3 Ways Data Science is Just as Important as Medicine in Determining Public Policy: COVID-19

Both before and especially since COVID-19 had been officially declared a pandemic by the WHO on March 11, doctors across the world worked around the clock to fight the virus by treating patients, recommending measures to lower mortality rates, and conducting research to develop an effective vaccine. Panic set in and the world went into lockdown in some form or another. And while the medical community was working diligently and urgently, there were a certain group of individuals who were also hard at work to solve this crisis, not to be found in hospitals and laboratories, but instead behind their computer screens, analysing thousands of lines of code, and creating complicated models and graphs that had an effect on public policy as significant as those of the foremost medical experts. These people are known as data scientists. 

Data science is a discipline in which large amounts of data is analyzed and structured in a way to understand, predict, and model different outcomes based on a certain set of conditions. The obvious question that follows is, how could analyzing sets of numbers and writing code possibly help us in stopping the most disruptive crisis of a viral pandemic in recent history?

There are a few ways data science can offer insights into the best policy decisions governments can take in combatting a crisis like coronavirus, and the following are the three best examples of the contributions data scientists have made over the past year.

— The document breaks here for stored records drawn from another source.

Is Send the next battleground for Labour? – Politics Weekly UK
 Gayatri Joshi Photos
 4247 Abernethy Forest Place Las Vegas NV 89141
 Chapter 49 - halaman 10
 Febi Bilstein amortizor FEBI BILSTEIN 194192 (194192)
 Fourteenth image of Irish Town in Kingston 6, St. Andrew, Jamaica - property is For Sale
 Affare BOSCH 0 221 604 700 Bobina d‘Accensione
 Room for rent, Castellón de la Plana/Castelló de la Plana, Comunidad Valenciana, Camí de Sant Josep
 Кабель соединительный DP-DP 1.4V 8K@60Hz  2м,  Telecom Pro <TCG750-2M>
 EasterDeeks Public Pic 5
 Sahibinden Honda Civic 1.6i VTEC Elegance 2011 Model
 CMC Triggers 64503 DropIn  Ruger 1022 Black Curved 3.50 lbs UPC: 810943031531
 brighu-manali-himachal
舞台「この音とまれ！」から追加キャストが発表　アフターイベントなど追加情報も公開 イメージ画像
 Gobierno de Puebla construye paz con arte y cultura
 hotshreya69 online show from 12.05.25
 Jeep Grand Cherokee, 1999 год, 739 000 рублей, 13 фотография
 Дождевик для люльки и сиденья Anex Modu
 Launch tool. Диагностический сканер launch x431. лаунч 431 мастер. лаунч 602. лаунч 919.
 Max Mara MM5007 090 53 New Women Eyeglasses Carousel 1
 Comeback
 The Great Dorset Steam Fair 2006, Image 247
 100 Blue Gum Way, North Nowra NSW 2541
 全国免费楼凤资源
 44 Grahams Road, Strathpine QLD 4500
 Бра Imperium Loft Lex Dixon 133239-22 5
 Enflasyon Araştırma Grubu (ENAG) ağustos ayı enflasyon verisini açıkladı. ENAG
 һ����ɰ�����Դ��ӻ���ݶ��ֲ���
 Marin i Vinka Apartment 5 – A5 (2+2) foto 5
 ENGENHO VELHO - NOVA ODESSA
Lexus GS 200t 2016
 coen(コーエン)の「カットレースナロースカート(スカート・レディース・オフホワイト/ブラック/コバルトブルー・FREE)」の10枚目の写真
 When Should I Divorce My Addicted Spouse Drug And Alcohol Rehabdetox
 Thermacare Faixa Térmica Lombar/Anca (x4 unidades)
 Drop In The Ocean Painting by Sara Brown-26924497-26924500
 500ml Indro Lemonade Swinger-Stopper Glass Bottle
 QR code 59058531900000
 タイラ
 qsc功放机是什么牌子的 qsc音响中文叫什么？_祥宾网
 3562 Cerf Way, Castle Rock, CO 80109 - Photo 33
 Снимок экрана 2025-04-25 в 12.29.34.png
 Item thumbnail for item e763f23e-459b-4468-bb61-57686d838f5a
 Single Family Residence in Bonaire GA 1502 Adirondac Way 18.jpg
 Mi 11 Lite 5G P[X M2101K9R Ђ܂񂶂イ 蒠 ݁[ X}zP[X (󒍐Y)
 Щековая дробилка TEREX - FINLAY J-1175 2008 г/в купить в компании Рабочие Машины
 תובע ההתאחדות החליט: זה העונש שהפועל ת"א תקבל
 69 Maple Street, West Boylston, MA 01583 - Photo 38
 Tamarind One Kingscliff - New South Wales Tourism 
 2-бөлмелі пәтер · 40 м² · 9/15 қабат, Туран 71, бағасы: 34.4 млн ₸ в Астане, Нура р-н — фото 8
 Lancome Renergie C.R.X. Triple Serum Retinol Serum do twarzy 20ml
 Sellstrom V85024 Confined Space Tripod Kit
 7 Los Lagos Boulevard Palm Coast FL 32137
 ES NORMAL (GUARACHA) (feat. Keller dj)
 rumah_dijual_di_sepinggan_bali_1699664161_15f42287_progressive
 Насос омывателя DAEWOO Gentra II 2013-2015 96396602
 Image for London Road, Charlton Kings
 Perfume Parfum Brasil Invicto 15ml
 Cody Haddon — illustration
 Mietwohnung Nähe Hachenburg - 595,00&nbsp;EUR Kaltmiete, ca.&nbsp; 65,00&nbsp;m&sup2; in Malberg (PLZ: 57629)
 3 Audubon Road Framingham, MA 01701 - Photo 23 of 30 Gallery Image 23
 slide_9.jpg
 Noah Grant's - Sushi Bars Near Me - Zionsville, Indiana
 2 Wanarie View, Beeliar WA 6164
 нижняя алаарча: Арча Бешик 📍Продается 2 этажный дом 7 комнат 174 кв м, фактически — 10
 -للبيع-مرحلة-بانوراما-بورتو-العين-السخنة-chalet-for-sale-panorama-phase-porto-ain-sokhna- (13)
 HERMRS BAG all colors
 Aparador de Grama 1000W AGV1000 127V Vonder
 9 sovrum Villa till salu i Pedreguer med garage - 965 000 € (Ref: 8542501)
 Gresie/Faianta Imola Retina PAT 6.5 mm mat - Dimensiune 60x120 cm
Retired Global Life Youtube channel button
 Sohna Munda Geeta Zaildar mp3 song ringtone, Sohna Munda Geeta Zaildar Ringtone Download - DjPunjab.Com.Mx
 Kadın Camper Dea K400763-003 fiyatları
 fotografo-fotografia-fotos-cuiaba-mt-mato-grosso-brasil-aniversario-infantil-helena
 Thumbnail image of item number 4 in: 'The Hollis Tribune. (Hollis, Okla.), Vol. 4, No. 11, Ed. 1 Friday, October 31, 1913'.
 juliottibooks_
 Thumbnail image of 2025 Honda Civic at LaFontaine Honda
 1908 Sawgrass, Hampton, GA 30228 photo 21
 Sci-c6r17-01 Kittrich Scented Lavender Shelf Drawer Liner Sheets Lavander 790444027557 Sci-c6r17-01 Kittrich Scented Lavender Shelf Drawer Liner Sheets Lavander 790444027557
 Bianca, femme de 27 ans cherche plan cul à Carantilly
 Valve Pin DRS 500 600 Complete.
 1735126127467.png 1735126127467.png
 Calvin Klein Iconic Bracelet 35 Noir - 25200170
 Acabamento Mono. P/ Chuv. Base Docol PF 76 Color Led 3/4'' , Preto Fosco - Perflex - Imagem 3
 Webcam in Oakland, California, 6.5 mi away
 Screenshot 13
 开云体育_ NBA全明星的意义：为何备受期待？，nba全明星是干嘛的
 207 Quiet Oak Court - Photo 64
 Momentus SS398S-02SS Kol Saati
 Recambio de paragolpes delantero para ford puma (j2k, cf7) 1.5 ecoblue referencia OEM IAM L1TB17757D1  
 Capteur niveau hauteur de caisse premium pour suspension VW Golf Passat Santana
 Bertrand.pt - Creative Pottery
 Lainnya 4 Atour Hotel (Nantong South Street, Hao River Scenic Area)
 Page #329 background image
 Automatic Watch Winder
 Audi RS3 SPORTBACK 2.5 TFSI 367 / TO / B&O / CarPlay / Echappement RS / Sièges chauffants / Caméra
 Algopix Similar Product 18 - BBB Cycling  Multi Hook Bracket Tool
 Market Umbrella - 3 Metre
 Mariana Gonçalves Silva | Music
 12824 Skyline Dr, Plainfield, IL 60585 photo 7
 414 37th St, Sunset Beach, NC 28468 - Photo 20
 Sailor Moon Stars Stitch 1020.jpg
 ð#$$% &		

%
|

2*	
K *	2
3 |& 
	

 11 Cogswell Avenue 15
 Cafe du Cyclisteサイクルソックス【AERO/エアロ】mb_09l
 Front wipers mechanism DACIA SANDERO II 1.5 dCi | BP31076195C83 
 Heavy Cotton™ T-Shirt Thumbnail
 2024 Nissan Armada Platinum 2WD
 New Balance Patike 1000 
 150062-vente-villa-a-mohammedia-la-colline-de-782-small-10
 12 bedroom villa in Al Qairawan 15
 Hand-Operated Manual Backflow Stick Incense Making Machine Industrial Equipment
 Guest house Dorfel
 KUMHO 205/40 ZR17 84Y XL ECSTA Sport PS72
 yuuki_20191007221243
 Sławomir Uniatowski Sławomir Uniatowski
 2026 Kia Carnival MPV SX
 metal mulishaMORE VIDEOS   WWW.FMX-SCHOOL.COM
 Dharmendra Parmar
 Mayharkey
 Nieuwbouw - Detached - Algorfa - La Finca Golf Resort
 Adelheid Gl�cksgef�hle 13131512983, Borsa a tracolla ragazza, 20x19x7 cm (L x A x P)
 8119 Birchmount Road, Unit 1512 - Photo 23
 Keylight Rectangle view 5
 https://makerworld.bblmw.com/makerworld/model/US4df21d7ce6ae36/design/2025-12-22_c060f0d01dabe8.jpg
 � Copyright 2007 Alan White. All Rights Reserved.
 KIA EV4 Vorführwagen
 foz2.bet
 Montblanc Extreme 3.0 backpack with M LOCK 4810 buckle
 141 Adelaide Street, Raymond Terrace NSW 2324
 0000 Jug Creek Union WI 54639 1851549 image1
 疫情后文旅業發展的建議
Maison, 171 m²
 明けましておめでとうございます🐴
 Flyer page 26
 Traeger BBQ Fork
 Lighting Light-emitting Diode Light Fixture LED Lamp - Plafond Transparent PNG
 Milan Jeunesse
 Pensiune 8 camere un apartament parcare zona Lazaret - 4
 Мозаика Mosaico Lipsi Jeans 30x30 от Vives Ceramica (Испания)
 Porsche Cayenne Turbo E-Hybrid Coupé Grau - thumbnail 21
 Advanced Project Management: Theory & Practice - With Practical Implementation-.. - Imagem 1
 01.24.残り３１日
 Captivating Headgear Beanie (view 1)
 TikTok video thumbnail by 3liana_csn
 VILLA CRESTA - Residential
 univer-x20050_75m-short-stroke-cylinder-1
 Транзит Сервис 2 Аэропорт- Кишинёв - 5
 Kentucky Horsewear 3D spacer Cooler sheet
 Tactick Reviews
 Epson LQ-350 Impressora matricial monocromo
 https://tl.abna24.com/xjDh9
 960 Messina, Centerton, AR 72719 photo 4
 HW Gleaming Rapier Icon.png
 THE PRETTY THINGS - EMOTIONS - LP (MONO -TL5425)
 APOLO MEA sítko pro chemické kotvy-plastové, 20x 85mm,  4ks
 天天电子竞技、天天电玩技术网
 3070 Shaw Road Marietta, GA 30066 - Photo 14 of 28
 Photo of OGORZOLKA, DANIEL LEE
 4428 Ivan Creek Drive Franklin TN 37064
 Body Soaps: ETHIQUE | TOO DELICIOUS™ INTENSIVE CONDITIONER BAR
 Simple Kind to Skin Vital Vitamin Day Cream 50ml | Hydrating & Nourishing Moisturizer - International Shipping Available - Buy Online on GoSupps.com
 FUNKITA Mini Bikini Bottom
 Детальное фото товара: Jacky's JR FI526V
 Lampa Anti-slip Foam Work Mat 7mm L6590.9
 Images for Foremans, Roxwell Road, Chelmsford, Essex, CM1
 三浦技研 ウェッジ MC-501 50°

Mapping the Movement of Those Infected

Analysing the patterns of movement of individuals, clusters of individuals, and larger groups, is key to understanding and tracking viral hotspots where a high rate of infectious transmission could occur, key in stopping continuous waves of cases. Countries like Taiwan harnessed the power of data mapping and only reported 448 cases (as of July 27), while their counterparts across Southeast Asia were reporting cases in the millions. Analyzing travel logs and tracking people who have been in close contact with the infected would be the most important step in the preliminary stages of any pandemic; countries that did this were able to do so with the help of data scientists, and are now able to reduce lockdown periods resulting in lower economic damages. 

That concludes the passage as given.